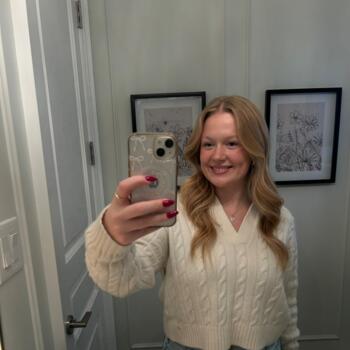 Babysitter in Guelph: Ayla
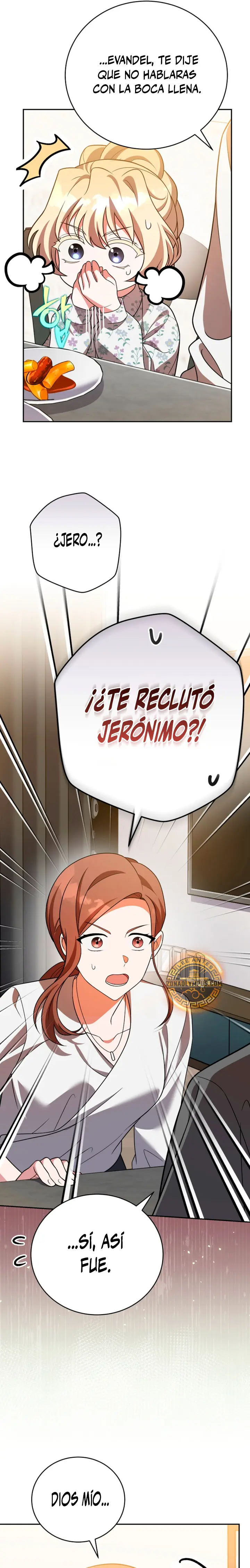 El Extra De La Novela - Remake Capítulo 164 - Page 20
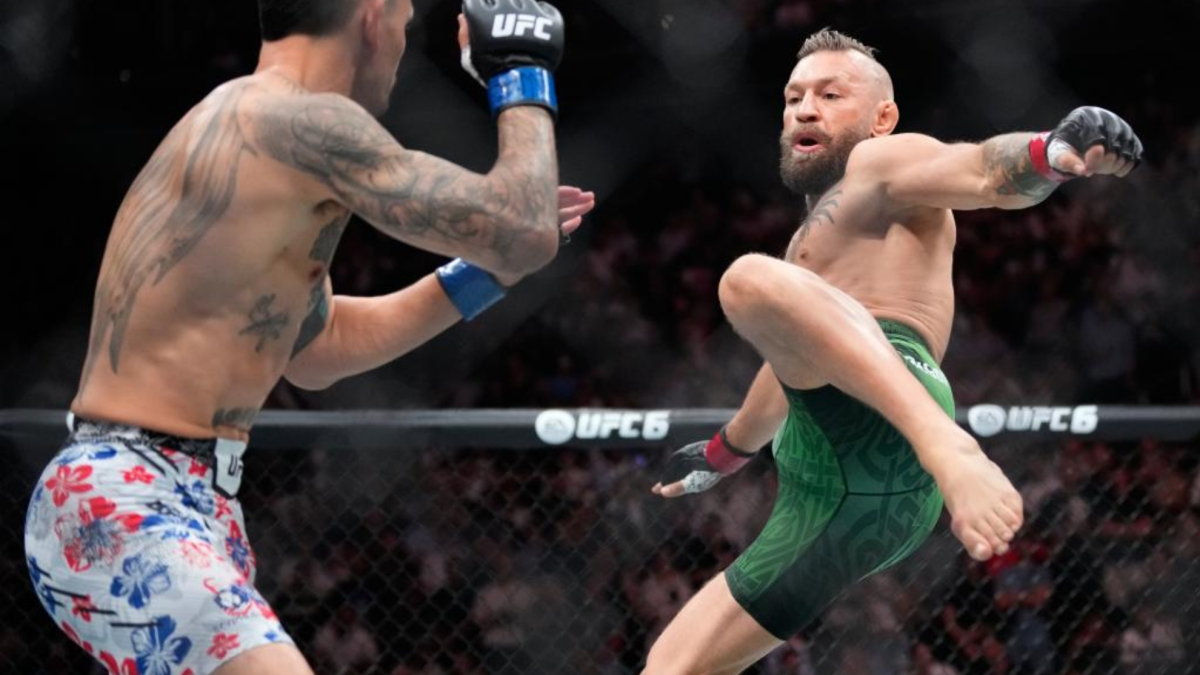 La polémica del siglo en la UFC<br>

════════

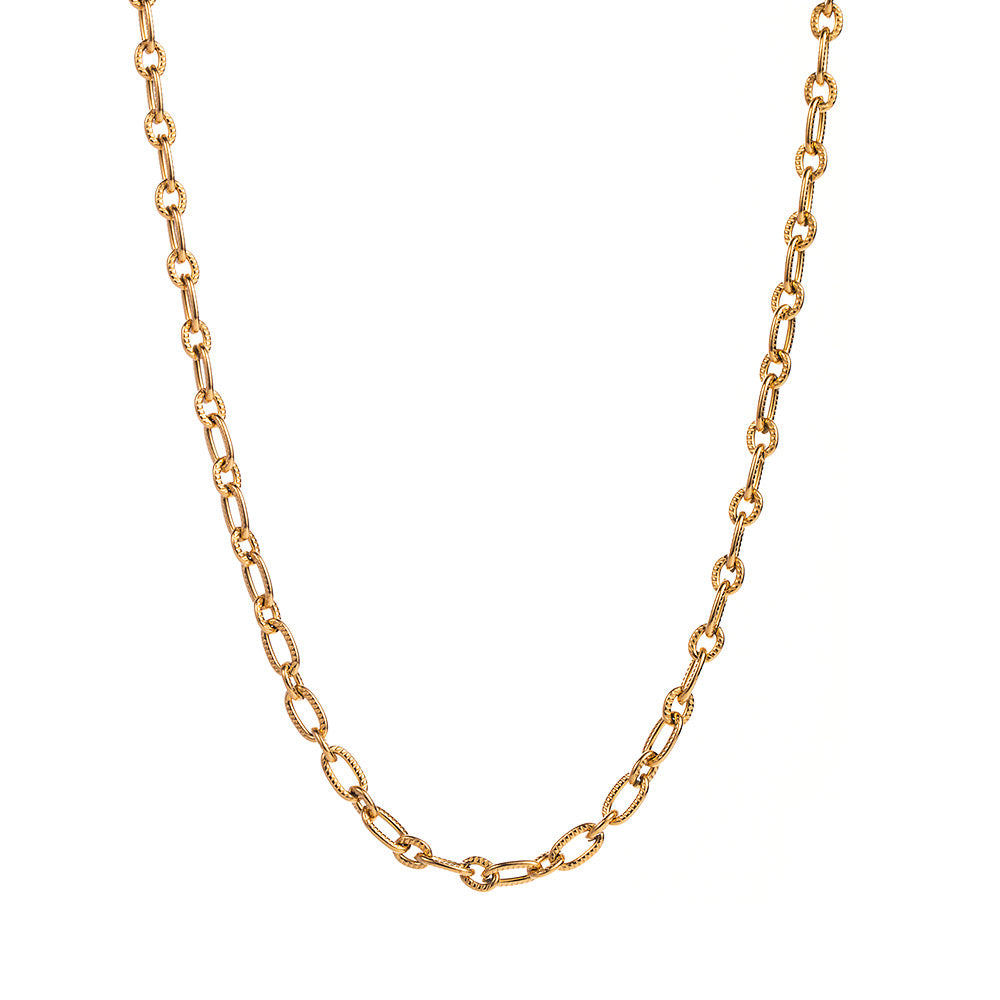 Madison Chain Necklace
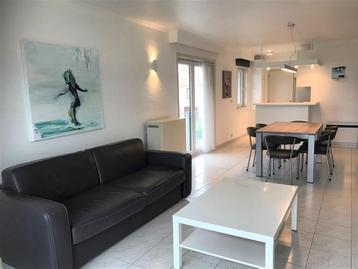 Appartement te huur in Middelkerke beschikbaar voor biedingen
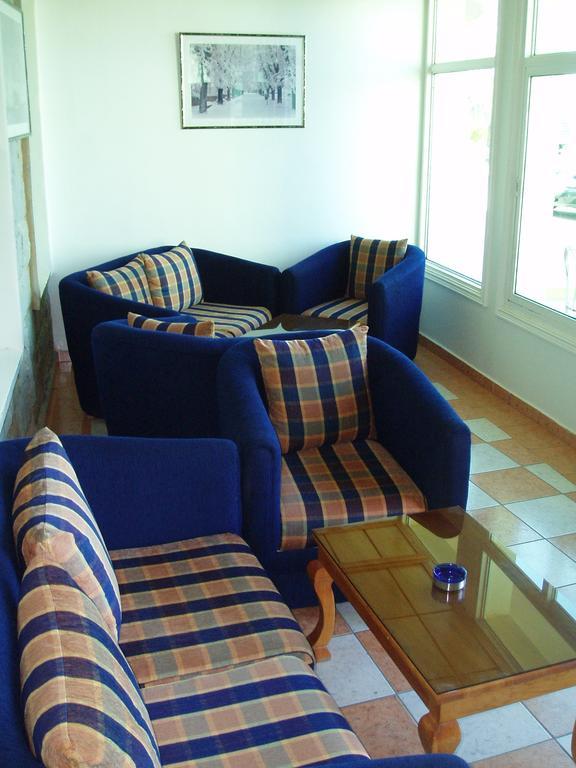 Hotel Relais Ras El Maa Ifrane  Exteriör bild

════════

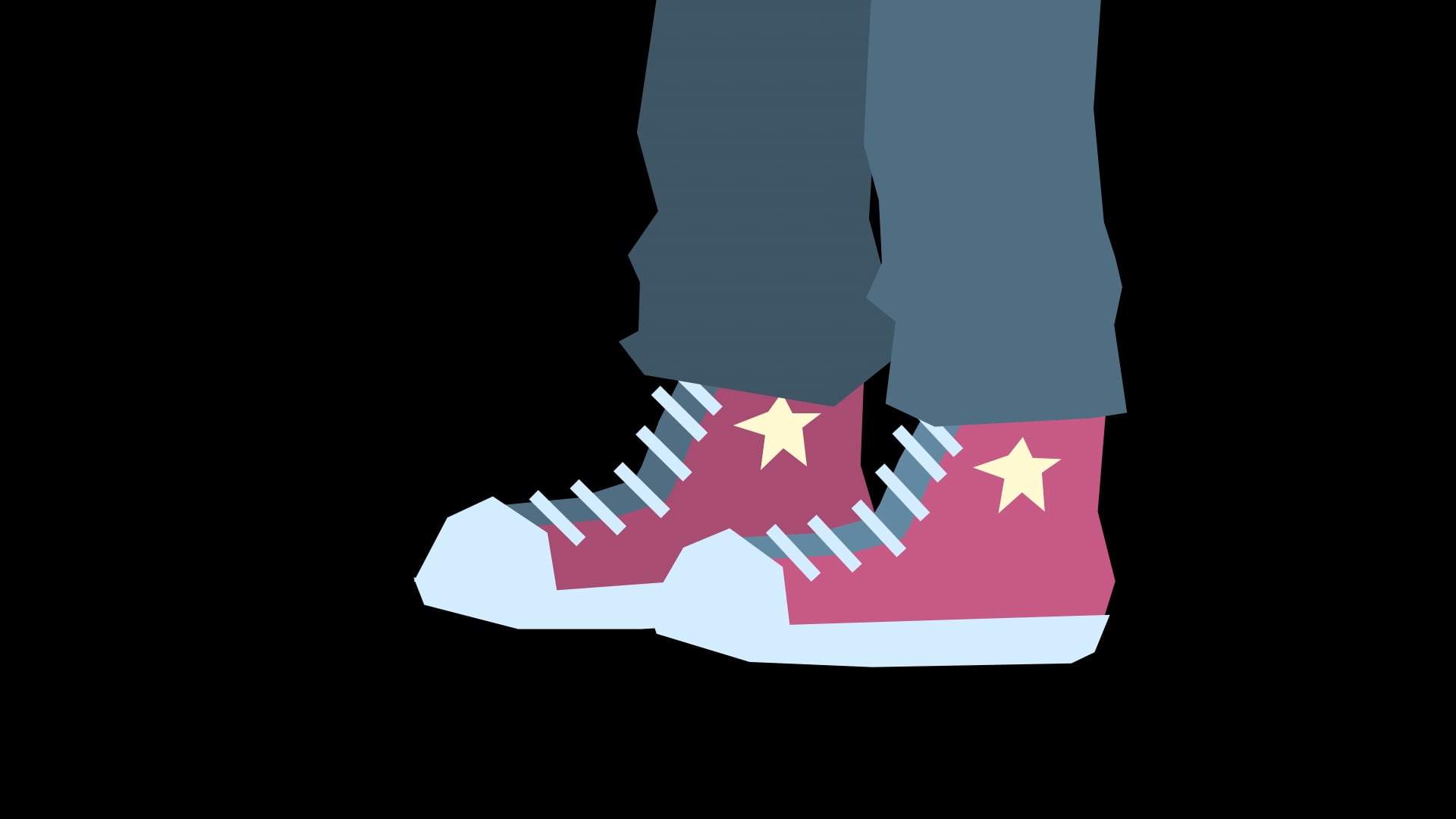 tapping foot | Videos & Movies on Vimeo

════════

▸ What you will do: Looking at the listing above, which lines run from the one containing "Babysitter in Guelph: Ayla" through the one containing "La polémica del siglo en la UFC<br>"? Print exactly those, ends included, pictures excluded.

▸ Response to the task:
 Babysitter in Guelph: Ayla
 El Extra De La Novela - Remake Capítulo 164 - Page 20
 La polémica del siglo en la UFC<br>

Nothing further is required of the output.